Le Projet "Empire" V (Alexandre Douguine) (07/12/2014)

 

Alexandre Douguine, La Quatrième théorie politique - La Russie et les idées politiques du XXIème siècle, Chapitre X Le projet "Empire", Les Alternatives à l'Empire global : La prolongation du statu quo de Yalta, pp. 214-216, aux éditions Ars Magna

 

Si l'on considère sérieusement le projet d'empire américain mondial, une question surgit immédiatement : que peut-on proposer en qualité d'alternatives ? Nous avons déjà pris connaissance de l'une d'elles mais cette alternative apparaît attirante pour un nombre limité de partisans de la gauche extrême, les trotskystes, les anarchistes, les postmodernistes, etc. Considérons d'autres projets.

 

Le désir de conserver le statu quo constitue une réponse simple au projet impérial. Il s'agit du désir instinctif de conserver inchangé l'ordre international qui s'était établi au XXème siècle lorsque la souveraineté était liée à l’État-nation et lorsque l'Organisation des nations unies servait d'espace commun au règlement des questions internationales litigieuses. Une telle approche est vouée à l'échec, dans la mesure où l'ordre mondial du vingtième siècle, après 1945, avait été établi sur les fondements de la deuxième guerre mondial et alors que la souveraineté nominale des États-nations se voyait garantie par la parité des armements stratégiques des deux superpuissances, (le camp socialiste) se voyaient équilibrées par les ambitions impériales de l'autre (le camp capitaliste).
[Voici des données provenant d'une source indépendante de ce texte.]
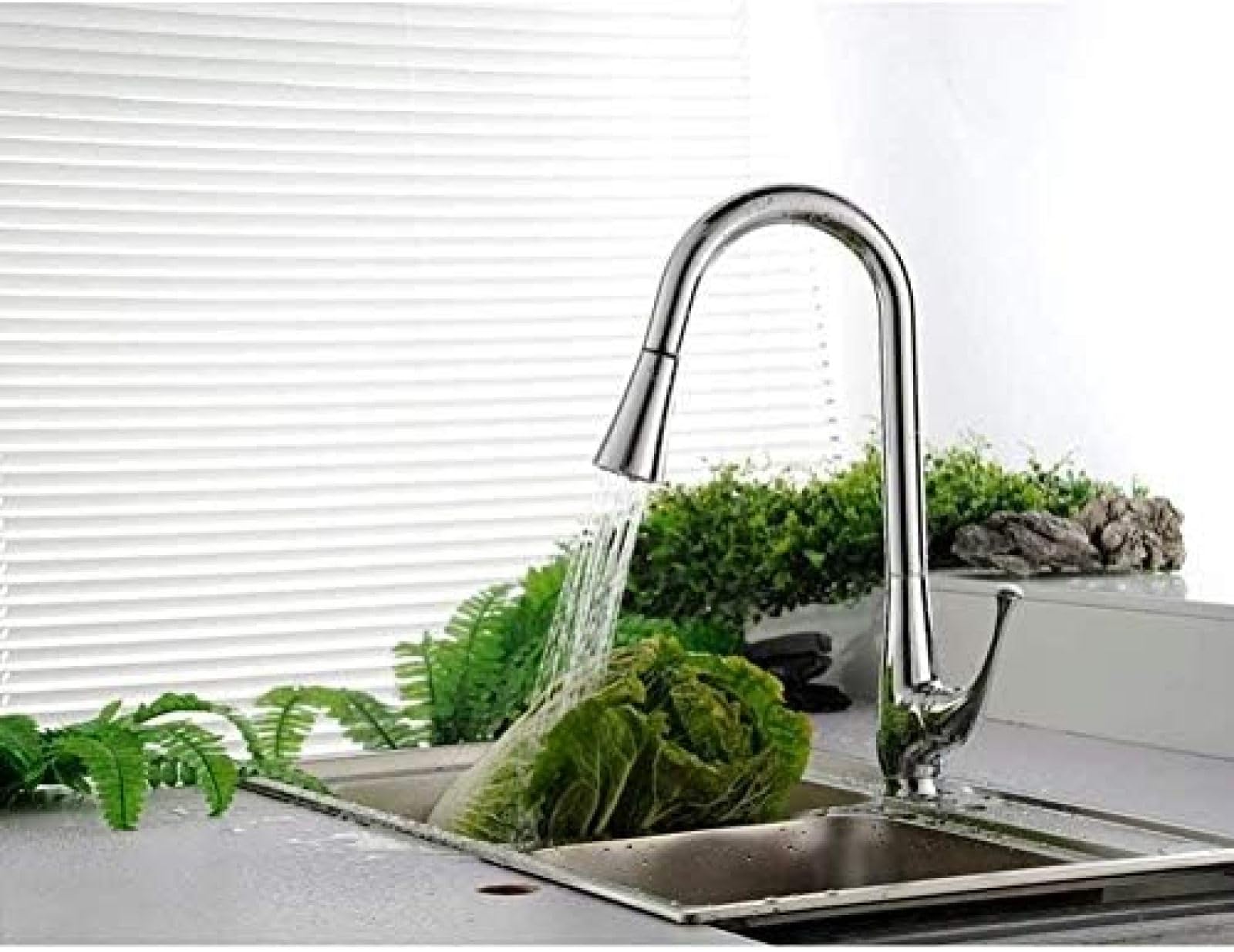 CRJUS Single Handle High Arc Pull Down Kitchen Faucet - Brass Construction with Chrome Finish & 360° Swivel Spout | Perfect for Modern Kitchens, Restaurant Prep Areas & RV Campers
Les autres États-nations se voyaient invités à s'inscrire dans cet équilibre avec une large marge de manœuvre  au sein du mouvement des non-alignés. L'Organisation des nations unies n'a fait que confirmer cet équilibre dans la structure du Conseil de sécurité.

 

Après l'effondrement du camp socialiste et la dissolution de l'URSS, tout le système de la paix de Yalta s'est effondré, la parité stratégique a été rompue et presque tous les États-nations ont été contraints de faire dépendre leur souveraineté de la puissance de l'empire américain qui avait cru de façon disproportionnée. L'ONU a cessé de signifier quoi que ce soit et l'ordre mondial de Yalta a été renvoyé dans le passé.

 

Nombre de pays tenté de s'élever contre ce tableau unipolaire, l'Irak, la Yougoslavie, l'Afghanistan, ont ressenti dans leur chair ce qu'est le monde post-Yalta et quel est le prix de la souveraineté dans ce monde. Le fait est que dans les conditions du XXIème siècle, aucun État-nation n'apparaît capable d'affirmer sa souveraineté dans le cadre d'une confrontation frontale avec l'empire américain. D'autant plus que d'autres pays dirigeants dans le monde se rangent aux côtés des États-Unis. Les difficultés techniques que rencontrent les Américains dans leur entreprise de construction impériale planétaire (il s'agit bien ici de la mondialisation à ces différents niveaux) ne doivent pas nous induire en erreur : s'ils ne parviennent pas à réaliser quelque chose actuellement, cela ne signifie pas qu'ils n'y parviendront pas.

 

Le projet de construction d'un empire global libéral-démocrate constitue le principal et unique agenda de la politique extérieur américaine au XXIème siècle et, après, l'effondrement de monde bipolaire, formellement rien n'est en mesure de lancer un défi à ce modèle. Les optimistes et les pessimistes à l'intérieur des États-Unis mêmes discutent de la date à laquelle l'empire sera achevé, demain ou après-demain, mais non pas de la question de savoir s'il convient de le construire. Il s'agit là de discussions d'importance. Le fait que nombre d’États-nations ne souhaitent pas renoncer à leur souveraineté constitue un problème purement psychologique : cela rappelle les douleurs fantômes dont souffre un corps dont les membres sont déjà absents.

 

Aucun États-nations dans le monde contemporain n'est réellement capable d'affirmer sa souveraineté face à l'empire global à moyen comme à court terme. Le maximum de ce qu'il est réaliste de faire se limite à gagner du temps. Mais le retard ne constitue pas une alternative.

 

Ainsi, les États-nations apparaissent désormais souverains de façon purement nominale et ne constituent pas une alternative au modèle unipolaire. Dans cette situation, l'ONU se voit condamné à dépérir, ce que Washington ne cesse de rappeler.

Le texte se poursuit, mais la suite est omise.